O enredo de “Sinónimos” em muito faz lembrar o de outro filme: “Os Sonhadores” de Bernardo Bertolucci. Também nesse filme de 2003 dois jovens parisienses acolhem um rapaz estrangeiro nas suas vidas e o que começa com uma amizade evolui para um triângulo amoroso – mais credível e bem executado no filme de Bertolucci do que no de Lapid. As relações amorosas que se desenvolvem em “Sinónimos” desafiam a lógica do cenário. Contradizem em particular um dos melhores momentos do filme, aquele em que Emile mostra música clássica a Yoav. Uma cena íntima que estabelece a química entre os dois – química esta que todavia é abandonada por Lapid.
O argumento e, por conseguinte, o filme demonstram com engenho e êxito que Yoav não consegue fugir da sua nacionalidade, mesmo estando longe do seu país. Vemo-lo a saltar entre pequenos trabalhos e em todos se vê forçado a falar hebraico: na entrevista para segurança de uma embaixada, na aula de cidadania francesa, no casting para um filme porno, entre outros. Yoav deseja fugir, mas encontra em Paris uma sociedade não menos violenta que a realidade militar de Israel (que nos é mostrada através de flashbacks). Exemplo dessa violência é a brutalidade com que Yoav é tratado pelo realizador de pornografia, que insiste em sexualizar a sua língua-materna. São cenas que reiteram a relutância do mundo actual olhar para uma pessoa para além da sua nacionalidade. Yoav pretende cortar à força os laços com o seu país, a sua língua e a sua família, mas, por mais que tenha abandonado o primeiro, os outros dois perseguem-no em França.

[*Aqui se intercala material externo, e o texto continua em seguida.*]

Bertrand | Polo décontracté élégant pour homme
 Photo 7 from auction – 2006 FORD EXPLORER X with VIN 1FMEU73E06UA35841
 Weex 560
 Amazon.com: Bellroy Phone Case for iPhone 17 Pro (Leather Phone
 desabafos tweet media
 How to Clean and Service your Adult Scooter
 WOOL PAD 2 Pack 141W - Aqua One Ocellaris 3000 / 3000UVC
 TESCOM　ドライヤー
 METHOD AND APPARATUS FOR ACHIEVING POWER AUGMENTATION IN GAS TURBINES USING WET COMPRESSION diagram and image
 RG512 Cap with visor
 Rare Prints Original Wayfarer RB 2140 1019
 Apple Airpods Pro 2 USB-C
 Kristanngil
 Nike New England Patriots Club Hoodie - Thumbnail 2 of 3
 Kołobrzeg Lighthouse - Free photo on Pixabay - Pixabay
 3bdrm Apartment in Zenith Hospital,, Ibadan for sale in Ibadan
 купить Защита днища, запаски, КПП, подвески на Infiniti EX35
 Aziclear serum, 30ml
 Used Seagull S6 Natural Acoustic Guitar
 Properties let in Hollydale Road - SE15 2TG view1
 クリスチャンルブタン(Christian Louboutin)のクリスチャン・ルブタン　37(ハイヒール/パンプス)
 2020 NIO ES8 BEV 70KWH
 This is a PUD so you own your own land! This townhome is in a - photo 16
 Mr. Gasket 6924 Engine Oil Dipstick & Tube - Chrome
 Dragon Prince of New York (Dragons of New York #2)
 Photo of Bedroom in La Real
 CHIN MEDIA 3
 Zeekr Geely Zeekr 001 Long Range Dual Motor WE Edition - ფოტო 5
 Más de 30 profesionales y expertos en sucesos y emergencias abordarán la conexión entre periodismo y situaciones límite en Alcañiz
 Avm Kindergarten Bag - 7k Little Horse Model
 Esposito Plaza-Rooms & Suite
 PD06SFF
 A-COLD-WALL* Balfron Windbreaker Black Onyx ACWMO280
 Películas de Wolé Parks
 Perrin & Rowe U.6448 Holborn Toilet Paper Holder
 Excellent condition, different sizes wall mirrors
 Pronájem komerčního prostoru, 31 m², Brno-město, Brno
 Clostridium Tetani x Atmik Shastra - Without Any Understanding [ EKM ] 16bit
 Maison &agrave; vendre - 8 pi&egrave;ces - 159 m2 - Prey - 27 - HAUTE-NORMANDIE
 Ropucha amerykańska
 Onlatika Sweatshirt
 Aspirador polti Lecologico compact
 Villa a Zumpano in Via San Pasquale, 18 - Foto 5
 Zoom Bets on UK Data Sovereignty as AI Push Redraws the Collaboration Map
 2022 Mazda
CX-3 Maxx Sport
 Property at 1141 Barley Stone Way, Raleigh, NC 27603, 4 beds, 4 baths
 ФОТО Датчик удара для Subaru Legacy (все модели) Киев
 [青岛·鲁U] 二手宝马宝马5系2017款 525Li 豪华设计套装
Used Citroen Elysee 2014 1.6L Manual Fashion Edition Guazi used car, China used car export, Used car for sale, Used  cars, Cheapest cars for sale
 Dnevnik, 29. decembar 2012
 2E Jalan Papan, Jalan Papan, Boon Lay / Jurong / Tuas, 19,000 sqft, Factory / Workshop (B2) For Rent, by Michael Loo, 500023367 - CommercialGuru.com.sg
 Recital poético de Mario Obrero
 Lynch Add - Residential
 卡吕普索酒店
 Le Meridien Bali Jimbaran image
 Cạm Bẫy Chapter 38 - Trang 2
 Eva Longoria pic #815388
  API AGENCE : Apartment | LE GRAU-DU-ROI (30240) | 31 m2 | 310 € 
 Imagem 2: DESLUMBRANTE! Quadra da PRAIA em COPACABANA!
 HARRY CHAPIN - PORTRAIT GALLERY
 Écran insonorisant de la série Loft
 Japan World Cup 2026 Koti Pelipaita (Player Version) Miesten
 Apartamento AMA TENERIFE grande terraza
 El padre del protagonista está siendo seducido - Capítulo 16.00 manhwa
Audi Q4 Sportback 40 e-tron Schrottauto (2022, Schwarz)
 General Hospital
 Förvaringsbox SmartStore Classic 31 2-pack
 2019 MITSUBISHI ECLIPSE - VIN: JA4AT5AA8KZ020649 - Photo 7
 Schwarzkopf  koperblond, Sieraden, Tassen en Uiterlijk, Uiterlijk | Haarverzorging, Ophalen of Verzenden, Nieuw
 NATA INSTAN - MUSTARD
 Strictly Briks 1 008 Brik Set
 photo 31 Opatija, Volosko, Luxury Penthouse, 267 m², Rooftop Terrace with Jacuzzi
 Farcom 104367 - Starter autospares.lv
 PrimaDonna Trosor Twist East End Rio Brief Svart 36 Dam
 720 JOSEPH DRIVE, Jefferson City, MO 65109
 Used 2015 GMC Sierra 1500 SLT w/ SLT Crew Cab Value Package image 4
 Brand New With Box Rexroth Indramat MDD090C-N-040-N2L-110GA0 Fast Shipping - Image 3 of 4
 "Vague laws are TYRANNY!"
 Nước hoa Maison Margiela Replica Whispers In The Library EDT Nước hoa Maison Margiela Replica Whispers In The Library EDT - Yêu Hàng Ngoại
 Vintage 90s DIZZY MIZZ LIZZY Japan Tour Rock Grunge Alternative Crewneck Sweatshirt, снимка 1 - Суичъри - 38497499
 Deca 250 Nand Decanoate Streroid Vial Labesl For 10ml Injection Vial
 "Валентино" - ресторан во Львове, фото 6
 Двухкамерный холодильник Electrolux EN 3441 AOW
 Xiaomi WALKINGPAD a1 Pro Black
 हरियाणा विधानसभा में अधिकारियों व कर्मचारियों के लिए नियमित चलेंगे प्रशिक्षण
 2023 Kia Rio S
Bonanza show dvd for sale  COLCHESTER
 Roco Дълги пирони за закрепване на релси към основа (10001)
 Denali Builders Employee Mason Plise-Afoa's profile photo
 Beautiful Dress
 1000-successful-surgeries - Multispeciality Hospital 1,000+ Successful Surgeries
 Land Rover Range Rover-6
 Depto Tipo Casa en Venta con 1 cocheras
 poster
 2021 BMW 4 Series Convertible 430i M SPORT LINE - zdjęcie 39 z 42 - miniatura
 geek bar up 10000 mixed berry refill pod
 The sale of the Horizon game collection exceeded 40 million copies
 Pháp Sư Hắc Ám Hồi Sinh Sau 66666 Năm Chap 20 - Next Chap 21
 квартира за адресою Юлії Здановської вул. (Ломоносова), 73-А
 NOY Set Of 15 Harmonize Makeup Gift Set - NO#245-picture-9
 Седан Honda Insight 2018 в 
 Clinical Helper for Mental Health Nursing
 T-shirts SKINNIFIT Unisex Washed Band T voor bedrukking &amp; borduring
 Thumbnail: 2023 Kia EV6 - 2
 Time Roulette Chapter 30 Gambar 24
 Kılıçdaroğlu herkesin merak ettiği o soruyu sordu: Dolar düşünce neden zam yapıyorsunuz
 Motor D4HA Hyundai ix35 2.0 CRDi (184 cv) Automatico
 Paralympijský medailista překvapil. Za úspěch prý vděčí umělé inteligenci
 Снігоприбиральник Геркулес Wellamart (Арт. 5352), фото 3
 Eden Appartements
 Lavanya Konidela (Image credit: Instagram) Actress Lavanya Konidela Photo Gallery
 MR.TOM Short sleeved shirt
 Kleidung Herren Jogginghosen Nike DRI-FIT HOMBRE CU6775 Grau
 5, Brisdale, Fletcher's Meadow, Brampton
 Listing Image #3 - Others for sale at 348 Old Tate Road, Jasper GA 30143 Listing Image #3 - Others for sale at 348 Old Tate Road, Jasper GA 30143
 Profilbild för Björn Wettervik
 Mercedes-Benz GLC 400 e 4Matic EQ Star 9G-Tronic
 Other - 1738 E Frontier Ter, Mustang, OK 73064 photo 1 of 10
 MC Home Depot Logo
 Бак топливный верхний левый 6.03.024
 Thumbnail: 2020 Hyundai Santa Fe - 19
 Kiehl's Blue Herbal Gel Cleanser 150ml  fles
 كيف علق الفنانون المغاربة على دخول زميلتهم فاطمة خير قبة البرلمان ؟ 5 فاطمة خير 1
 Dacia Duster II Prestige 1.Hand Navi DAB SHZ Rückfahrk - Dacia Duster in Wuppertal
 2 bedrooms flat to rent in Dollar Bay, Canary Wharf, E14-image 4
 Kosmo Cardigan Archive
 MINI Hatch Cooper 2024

Numa cena caricata, Yoav rouba postais de uma livraria. Todos eles de personalidades icónicas: Van Gogh, Kurt Cobain e – com maior relevância – Napoleão Bonaparte. É um paralelismo inteligente com a figura histórica que chegou a França resolvida em conquistar o país. São momentos subtis como este que carecem em “Sinónimos”, filme que insiste em dizer em vez de sugerir.
Infelizmente, o argumento é sobrecarregado com ideias que ficam por terminar ou que terminam de forma tosca. “Sinónimos” conclui após um último acto algo incoerente, com Lapid a encaminhar a narrativa para o desenlace à pressa e sem nexo. Contudo o mais grave é a ausência de evolução da personagem principal ao longo do filme. O Yoav que encontramos a início é o mesmo que encerra o filme. Talvez a ideia seja exactamente essa, a de que uma pessoa nunca se consegue libertar das suas raízes. No entanto, custa a acreditar que uma deslocação drástica de Israel para Paris não tenha os seus efeitos num homem tão conturbado e errático como Yoav.
“Sinónimos” é um filme altamente político que pode não ser de fácil acesso, tanto pelo seu tema polémico e actual, como pelo seu rótulo de arthouse. Não surpreende portanto que o filme tenha dividido a crítica francesa: deslumbrou a “Cahiers du Cinéma”, mas decepcionou a “Positif”. Tudo considerado, “Sinónimos” é um filme cujas partes funcionam melhor que o todo. Um filme de grandes momentos, mas de pouca ligação entre eles.